Cloud computing offers flexibility and efficiency at every stage in big data analytics – from accessing, analysing and delivering results. With a well defined data classification policy, it can be used wherever data privacy and security are the main concern.

Big data consists of both structured (transactional information, invoices, sales data) and unstructured data (emails, documents, video, images) generated by computers and the other connected devices. Streams of data are generated every day in an organisation, from business applications to data from various sensors and tracking devices. To process high volumes of data within a short period, big data requires a cluster of servers that comprise a huge amount of computing resources.

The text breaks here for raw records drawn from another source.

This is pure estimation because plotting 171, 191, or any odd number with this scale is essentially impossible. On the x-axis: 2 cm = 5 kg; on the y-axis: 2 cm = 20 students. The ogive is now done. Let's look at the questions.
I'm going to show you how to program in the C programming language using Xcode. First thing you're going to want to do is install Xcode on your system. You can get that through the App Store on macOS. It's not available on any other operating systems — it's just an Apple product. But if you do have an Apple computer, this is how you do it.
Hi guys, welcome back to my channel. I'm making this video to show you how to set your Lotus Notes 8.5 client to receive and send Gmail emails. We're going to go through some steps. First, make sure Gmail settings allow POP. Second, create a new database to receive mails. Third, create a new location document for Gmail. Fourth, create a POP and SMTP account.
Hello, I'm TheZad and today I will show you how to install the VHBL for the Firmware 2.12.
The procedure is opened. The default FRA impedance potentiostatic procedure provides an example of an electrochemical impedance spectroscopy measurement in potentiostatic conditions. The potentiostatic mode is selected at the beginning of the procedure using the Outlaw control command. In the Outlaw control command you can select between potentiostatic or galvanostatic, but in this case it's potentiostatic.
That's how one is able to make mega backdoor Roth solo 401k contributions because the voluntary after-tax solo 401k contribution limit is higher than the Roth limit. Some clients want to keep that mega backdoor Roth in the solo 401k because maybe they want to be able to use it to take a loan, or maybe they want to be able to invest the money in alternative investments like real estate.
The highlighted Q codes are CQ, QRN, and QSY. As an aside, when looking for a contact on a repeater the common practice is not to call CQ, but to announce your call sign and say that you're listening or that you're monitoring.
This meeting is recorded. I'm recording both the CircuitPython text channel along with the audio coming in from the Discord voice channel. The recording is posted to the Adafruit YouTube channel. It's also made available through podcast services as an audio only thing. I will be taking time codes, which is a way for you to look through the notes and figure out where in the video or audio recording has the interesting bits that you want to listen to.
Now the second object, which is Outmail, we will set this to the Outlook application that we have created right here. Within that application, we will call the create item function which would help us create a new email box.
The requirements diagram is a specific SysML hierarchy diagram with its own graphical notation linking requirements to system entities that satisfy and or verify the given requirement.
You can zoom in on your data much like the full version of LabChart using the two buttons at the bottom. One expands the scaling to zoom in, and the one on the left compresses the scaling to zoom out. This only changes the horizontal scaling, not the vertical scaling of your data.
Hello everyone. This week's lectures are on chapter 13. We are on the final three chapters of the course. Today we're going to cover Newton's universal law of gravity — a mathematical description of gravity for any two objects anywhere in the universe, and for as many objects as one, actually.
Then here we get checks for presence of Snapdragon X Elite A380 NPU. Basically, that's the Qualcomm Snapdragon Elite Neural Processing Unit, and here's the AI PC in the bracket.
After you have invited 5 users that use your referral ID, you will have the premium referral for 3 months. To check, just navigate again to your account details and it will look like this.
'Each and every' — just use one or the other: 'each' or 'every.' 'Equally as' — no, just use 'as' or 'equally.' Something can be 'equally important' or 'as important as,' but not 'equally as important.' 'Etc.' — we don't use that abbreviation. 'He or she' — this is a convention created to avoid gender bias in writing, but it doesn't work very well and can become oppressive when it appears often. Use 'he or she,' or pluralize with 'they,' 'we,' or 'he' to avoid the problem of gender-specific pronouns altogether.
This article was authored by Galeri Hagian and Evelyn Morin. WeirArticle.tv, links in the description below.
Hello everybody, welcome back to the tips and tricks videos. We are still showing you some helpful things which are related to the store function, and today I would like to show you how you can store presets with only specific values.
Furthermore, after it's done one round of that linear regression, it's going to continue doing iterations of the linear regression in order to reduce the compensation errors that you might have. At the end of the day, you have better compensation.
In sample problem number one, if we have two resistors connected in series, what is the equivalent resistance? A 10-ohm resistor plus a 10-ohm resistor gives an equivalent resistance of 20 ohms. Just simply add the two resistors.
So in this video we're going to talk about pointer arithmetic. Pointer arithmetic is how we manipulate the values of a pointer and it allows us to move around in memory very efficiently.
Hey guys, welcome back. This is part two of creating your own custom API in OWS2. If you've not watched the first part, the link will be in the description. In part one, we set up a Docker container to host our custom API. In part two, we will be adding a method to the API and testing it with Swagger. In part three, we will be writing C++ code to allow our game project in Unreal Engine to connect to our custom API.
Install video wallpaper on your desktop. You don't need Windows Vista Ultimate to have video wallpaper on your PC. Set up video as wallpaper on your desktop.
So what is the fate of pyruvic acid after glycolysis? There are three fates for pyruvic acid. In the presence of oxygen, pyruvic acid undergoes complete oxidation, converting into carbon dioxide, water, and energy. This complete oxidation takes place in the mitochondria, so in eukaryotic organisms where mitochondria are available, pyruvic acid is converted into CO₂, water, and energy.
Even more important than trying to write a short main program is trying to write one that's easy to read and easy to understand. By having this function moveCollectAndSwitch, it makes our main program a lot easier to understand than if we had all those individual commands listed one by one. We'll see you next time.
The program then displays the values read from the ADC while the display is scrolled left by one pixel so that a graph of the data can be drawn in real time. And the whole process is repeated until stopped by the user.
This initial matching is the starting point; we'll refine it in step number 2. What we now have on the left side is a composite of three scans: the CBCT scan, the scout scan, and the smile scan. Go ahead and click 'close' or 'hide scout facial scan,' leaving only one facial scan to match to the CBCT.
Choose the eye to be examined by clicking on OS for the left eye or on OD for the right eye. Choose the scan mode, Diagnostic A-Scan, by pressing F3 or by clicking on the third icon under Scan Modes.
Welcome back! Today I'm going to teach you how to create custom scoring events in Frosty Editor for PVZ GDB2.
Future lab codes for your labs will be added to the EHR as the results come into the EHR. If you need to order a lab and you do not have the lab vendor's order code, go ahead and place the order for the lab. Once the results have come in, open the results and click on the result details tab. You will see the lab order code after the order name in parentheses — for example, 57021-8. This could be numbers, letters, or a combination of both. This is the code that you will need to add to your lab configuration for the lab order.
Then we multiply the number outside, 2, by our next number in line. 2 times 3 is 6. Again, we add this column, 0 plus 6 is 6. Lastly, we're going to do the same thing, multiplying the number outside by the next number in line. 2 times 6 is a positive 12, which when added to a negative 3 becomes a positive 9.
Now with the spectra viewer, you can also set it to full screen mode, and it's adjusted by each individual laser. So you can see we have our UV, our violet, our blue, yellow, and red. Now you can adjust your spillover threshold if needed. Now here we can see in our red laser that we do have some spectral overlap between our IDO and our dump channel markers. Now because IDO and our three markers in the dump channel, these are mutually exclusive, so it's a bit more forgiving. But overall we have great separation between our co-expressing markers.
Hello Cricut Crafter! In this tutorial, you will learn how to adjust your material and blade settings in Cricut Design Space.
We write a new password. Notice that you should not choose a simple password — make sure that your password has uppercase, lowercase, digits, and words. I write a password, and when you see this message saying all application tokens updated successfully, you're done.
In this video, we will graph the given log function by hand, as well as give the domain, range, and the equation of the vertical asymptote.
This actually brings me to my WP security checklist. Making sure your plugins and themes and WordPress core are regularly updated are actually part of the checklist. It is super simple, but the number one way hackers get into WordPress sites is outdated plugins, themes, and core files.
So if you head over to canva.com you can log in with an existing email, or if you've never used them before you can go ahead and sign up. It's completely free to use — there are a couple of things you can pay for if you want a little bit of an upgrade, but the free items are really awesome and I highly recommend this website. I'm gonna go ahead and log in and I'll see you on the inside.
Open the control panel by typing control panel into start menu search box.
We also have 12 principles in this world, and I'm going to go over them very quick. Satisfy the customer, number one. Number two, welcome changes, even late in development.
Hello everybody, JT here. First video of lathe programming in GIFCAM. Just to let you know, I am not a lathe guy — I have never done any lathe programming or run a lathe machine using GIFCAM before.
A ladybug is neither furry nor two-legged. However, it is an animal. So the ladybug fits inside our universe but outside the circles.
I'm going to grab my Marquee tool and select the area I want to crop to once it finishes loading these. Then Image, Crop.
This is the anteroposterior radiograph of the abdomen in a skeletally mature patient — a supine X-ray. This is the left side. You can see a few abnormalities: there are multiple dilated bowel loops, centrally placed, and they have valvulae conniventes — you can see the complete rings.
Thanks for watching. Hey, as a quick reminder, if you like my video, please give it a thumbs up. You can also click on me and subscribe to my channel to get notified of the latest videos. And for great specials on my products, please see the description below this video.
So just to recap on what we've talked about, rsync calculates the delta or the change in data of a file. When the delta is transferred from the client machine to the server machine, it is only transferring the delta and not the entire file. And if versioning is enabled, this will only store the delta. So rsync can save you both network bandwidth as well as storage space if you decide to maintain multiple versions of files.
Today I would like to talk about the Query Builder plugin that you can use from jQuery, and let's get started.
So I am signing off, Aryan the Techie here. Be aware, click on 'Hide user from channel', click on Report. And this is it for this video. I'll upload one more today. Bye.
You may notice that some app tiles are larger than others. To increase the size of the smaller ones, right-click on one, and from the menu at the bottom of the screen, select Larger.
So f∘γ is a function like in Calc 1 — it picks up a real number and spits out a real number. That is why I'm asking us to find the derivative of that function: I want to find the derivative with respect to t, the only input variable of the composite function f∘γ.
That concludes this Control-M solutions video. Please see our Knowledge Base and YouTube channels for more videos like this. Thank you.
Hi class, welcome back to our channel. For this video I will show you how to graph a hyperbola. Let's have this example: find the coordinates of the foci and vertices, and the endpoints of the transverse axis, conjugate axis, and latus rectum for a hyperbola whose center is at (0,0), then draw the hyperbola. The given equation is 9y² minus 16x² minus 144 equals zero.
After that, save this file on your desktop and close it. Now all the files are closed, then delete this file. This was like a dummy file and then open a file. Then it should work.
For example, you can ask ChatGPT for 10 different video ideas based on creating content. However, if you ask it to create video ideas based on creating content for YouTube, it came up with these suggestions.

Every business today strives to find ways to gather, process and analyse perceptions from the different kinds of collected data. Organisations expect to derive valid perceptions from the collected data so that they can arrive at the most intelligent decision. Big data offers persistent efforts to arrive at a competitive solution that will benefit the organisation.

Normally, processing large data sets, which comprise both internal and external data, involve huge amount of computing power, expensive software licenses, manpower costs. Due to huge investment to procure anlaysis by big data, it can be out of reach for many organisations. But, the cloud computing tool can help organisations to achieve results in a cost effective manner.

Some of the familiar cloud service providers for big data and analytics services are: Amazon Web Services, RackSpace, Microsoft Azure, and Google. Microsoft Azure offers products that can analyse huge amount of data in real time and provide the ability to know how to increase revenue, to improve customer management and to maintain lower costs.

Azure HDInsight handles any amount of data on demand. The data can be from terabytes to petabytes and it gives the freedom to the customer to spin up any number of nodes at any time. It can process even semi-structured or unstructured data from devices, sensors, server logs, web clickstreams and social media. Analysing newly generated data, the user can explore and tap the relevant potential for new business opportunities.